The disparity, which was 804.8 billion yuan in last year's first half, could reach 2.5 trillion yuan for the whole of 2007, equivalent to the 2006 GDP of Beijing, Shanghai, Tianjin and Chongqing combined.


The average GDP growth rate reported by local governments has been "around two percentage points" higher than the national figure for six consecutive years, said the report.


Vigorous regional economic cooperation was a "new factor" that puffed up the local GDP figures in 31 provinces, autonomous regions and municipalities on the Chinese mainland, who "wittingly or unwittingly" did repeated calculations by counting mutual investment and trade into their own GDP, said the report.


"Regional economic integration does make it more difficult for provinces to figure out their GDP, leading to big errors in computation," Zhao Yanyun, associate professor with the Beijing-based Renmin University of China, was quoted as saying.

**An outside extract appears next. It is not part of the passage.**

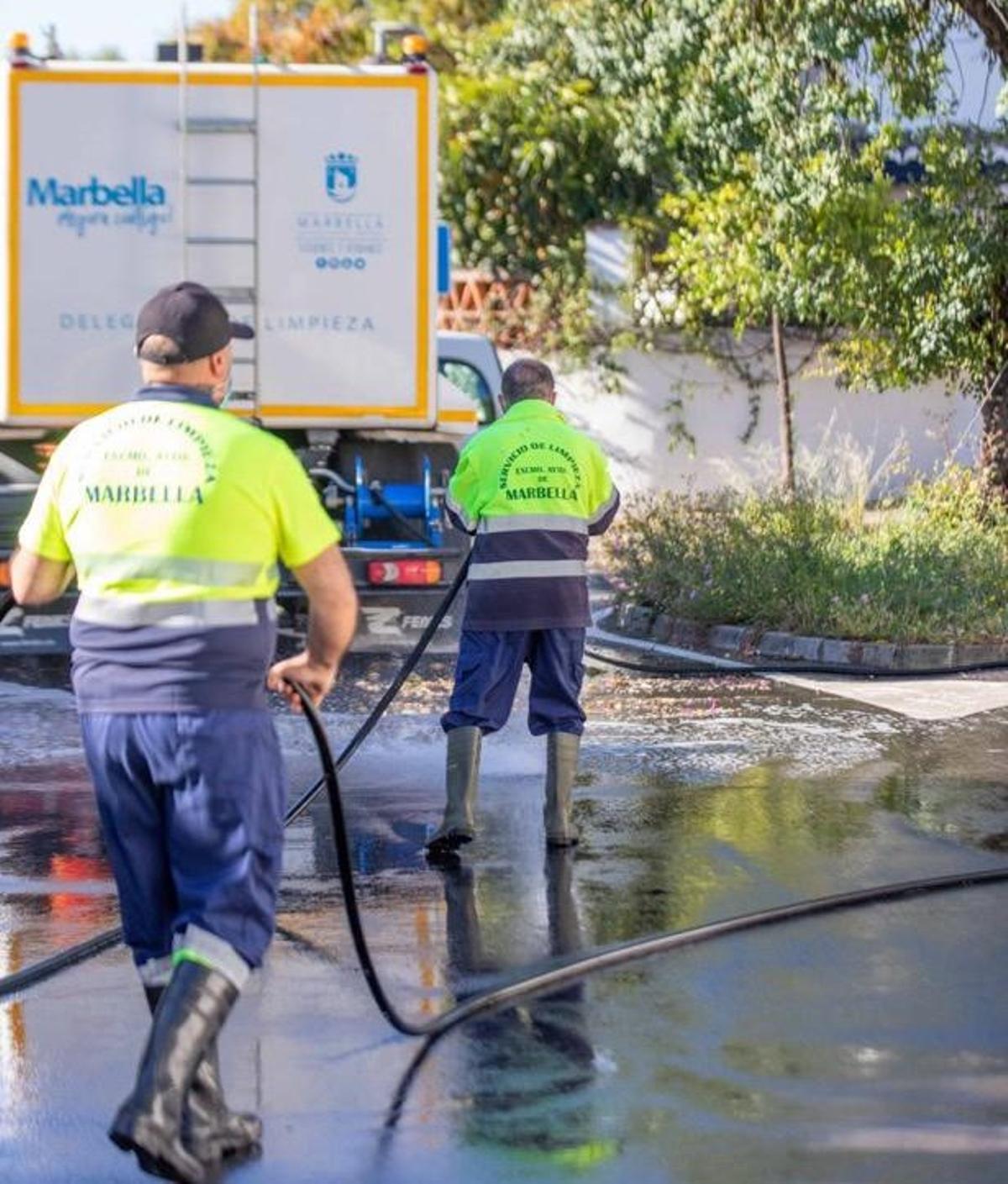 Dos operarios de Limpieza realizan un baldeo en una de las calles de Marbella.
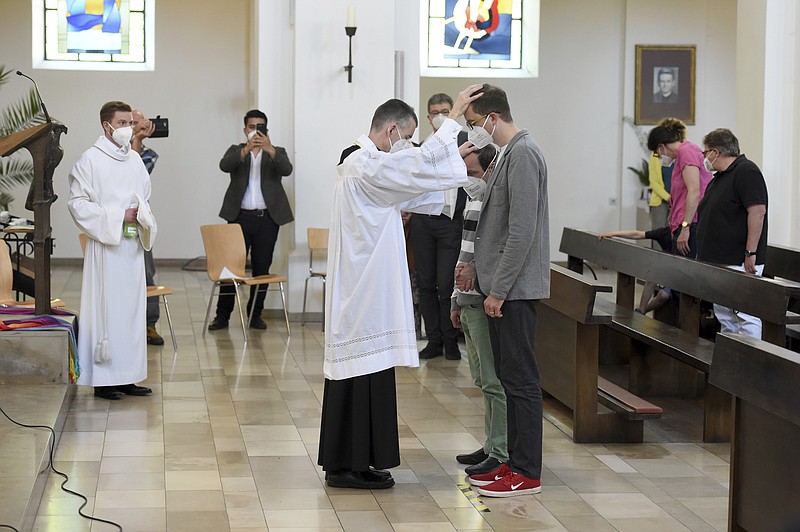 Vicar Wolfgang Rothe, center, blesses two men during a Catholic service with the blessing of same-sex couples in St Benedict's Church in Munich, Sunday, May 9, 2021. Germany’s Catholic progressives are openly defying a recent Holy See pronouncement that priests cannot bless same-sex unions by offering exactly such blessings at services in about 100 different churches all over the country. The blessings at open worship services are the latest pushback from German Catholics against a document released in March by the Vatican’s orthodoxy office, which said Catholic clergy cannot bless same-sex unions. (Felix Hoerhager/dpa via AP)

Largely to blame for the misreporting, however, is a system that has made the pursuit of economic growth the top criteria for provincial-level governments and officials.


"It often happens that local governments interfere with the accounting to make the figures look better," Cai Zhizhou, a statistics expert at Beijing University, said earlier this year.


Xie Fuzhan, director of the National Bureau of Statistics, said in January this year the central government would take back local governments' rights to calculate GDP as many local figures were found to be fabricated.


In an attempt to ensure the accuracy of local figures, the statistics agency formed its own survey teams in China's 30 provinces at the end of 2006, which will report directly to the central government rather than provincial-level governments.


Despite double-digit economic growth for four consecutive years, the central government planned to lower the rate to eight percent in 2007, urging local officials to check excessive growth and pay more attention to the environment.